Sunday, 28 September 2008


“Art is not what you see, but what you make others see.” - Edgar Degas

Yesterday I had to go the University of Melbourne, my alma mater, and as always found many changes, especially so as the last time I had been there was about 2 years ago. Nevertheless, some things had not changed and one of them was the art around the campus. The gallery of the University is the Ian Potter Museum of Art. It is worth visiting both for its collection and its own architecture. Designed by one of Melbourne's most interesting contemporary architects, Nonda Katsalidis, it incorporates parts of older university buildings such as the Napier Waller Art Deco stained glass window from the old Wilson Hall (which burnt down). The gallery is a bequest to the university from the businessman, Sir Ian Potter. The very distinctive façade has this striking sculptural mural, where classical art burgeons forth from the interior of the museum! A tribute to the excellent collection of Greek pottery housed n the museum, perhaps. There are some very good 19th century paintings and many contemporary art pieces. Temporary exhibitions make the bulk of the exhibited material.

Whenever I visited the Baillieu Library as a student I could not help but notice the monumental sculptural group just outside, on the lawn adjacent to the library. The bronze sculpture known as “Charity Being Kind to the Poor”, was originally the “crowning piece” of the massive entrance portico of the Equitable Life Assurance Society headquarters in Collins Street. The building was demolished in the late 1950s and the owners presented the sculpture to the University. Created by architect Edward W Raht and sculptor Victor Tilgner at the Imperial Art Foundry in Vienna in about 1893, the substantially-scaled Charity, sheltering a huddled family, is a clear statement on the advantages of buying life insurance. Originally situated at the Faculty of Architecture, Building and Planning’s Mount Martha site, it was relocated to its present location in 1981.

Fifty metres away from the Baillieu Library are James Gilbert’s Atlantes, a pair of massive stone classical male figures supporting the western entrance to the underground car park. Everyone is aware of the Caryatides, the female figures supporting the porch of the maidens of the Erechtheum on the Acropolis in Athens. The male equivalent of a Caryatis is an Atlas (as in the giant Atlas of mythology who supported the heavens on his back). Atlantes is the plural and refer to the architectural device of male figures supporting an architectural feature on their backs. Both Caryatides and Atlantes were very common in the past as standard architectural features.
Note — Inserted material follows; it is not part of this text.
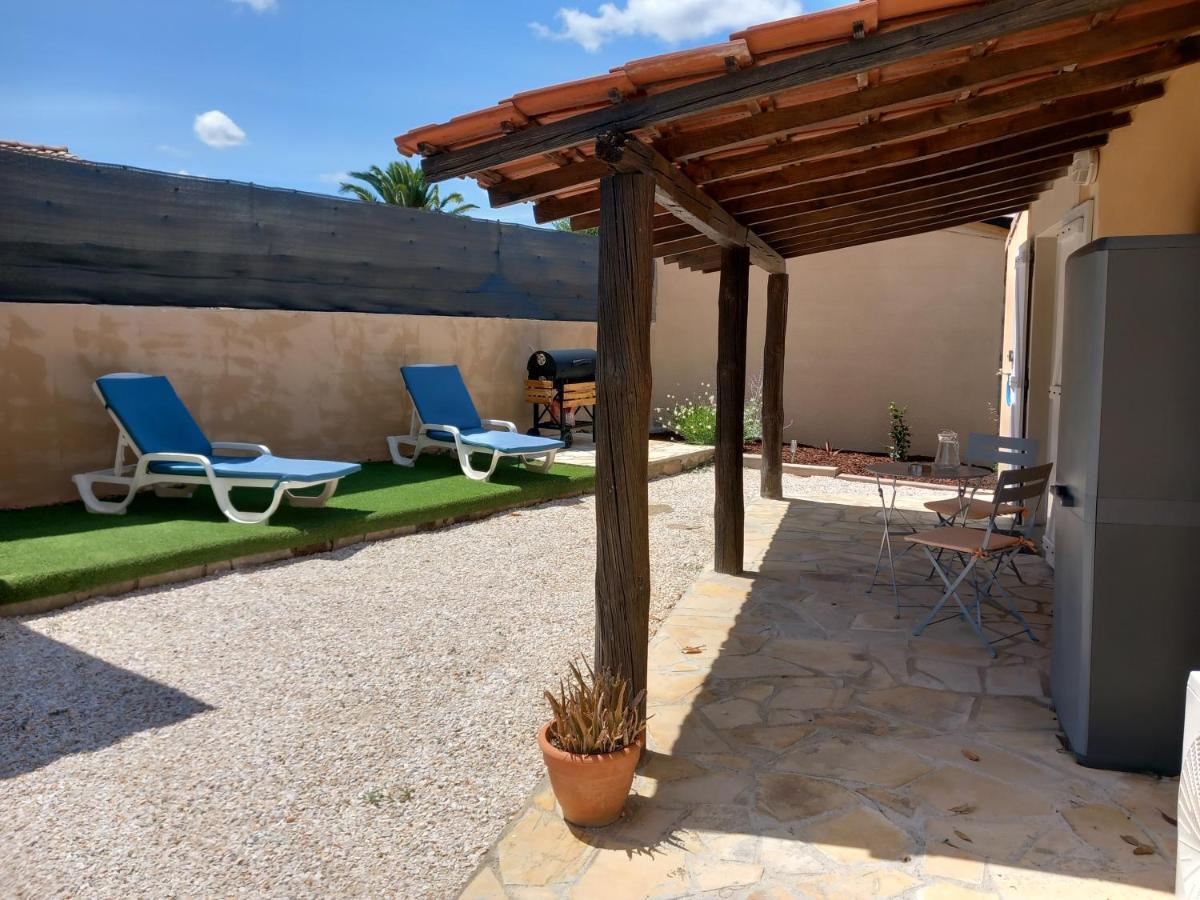 Studio Independant Dans Villa Neffies Exterior foto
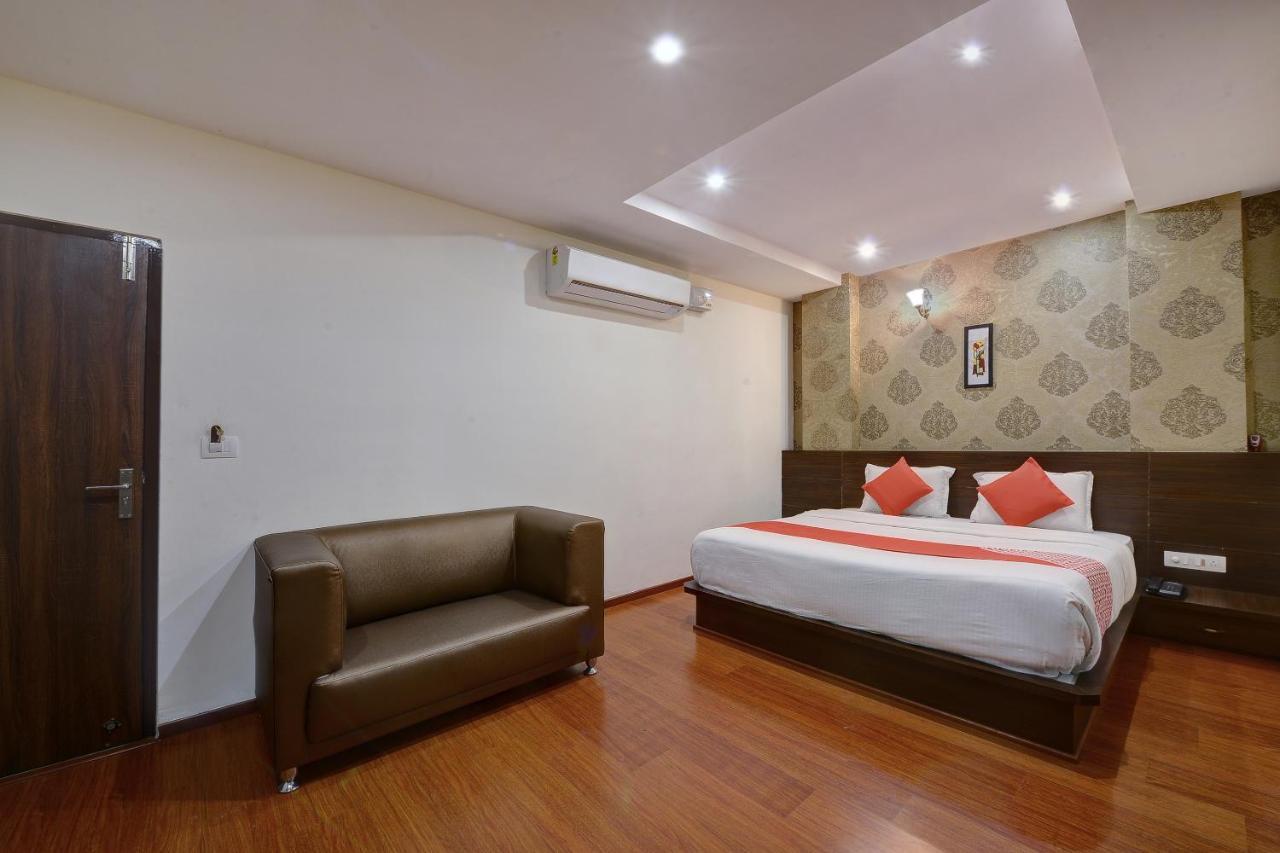 Capital O Hotel Samanvi International Belur  Dış mekan fotoğraf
This imposing gateway was originally part of the Colonial Bank of Australasia Building on the corner of Elizabeth and Little Collins Streets in the City of Melbourne. The bank donated them to the University in 1932 following the demolition of that elaborate 1880s city building. Unfortunately, the unrelenting wheels of progress have meant that many a fine building was demolished in the past to make way for some modern monstrosity that adhered to the tastes of the time. At least some vestiges of these original buildings have been saved and through the sensitivity of some souls can still be enjoyed today.

The abiding relevance of Classical Greece is also reflected in the Melbourne Greek Orthodox Community’s gift to the University to commemorate the 1956 Olympiad in Melbourne: Poseidon, a modern cast bronze copy of one of the finest examples of early classical sculpture. The original (c. 460 BC) is in the National Archaeological Museum in Athens. It was recovered in 1928 in the sea off Cape Artemision after fishermen found its arm in their nets. It depicts Poseidon, the Greek god of the sea, about to hurl a trident (which is now missing from the original statue and therefore from this cast also). An alternative interpretation of the iconography is that it depicts Zeus about to hurl a thunderbolt.

The statue is one of only two approved castings; the other is in the United Nations Building in New York. It was initially located in the University’s Beaurepaire Centre sporting complex, built in the 1950s and used as a training pool for the 1956 Olympic Games. Poseidon was relocated to the courtyard of the Dame Elisabeth Murdoch Building in 1994.

The University as a place of intellectual pursuits, a temple of learning, a refuge for the arts and sciences, teaching and research ensures that art will always have a place in its environs.